### [Source information]

============================================================

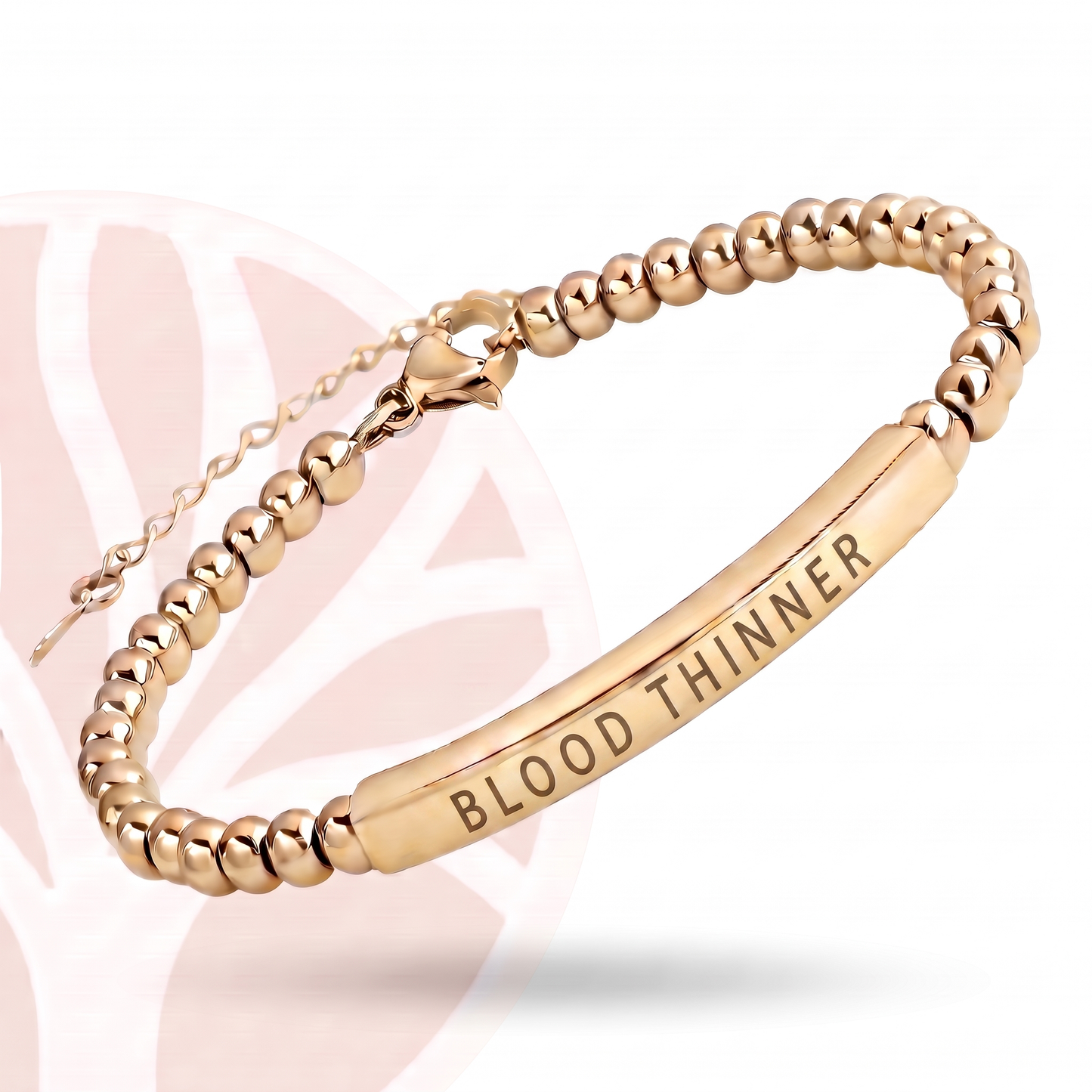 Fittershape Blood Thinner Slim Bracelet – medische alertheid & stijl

============================================================

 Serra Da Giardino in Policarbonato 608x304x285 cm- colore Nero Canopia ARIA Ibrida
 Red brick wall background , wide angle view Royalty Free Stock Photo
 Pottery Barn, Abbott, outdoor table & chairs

============================================================

### [Aim of the task]
Using the records above, copy word for word the line with "Red brick wall", the line with "Pottery Barn, Abbott, outdoor table & chairs", and every line between them.

### [Exercise response]
 Red brick wall background , wide angle view Royalty Free Stock Photo
 Pottery Barn, Abbott, outdoor table & chairs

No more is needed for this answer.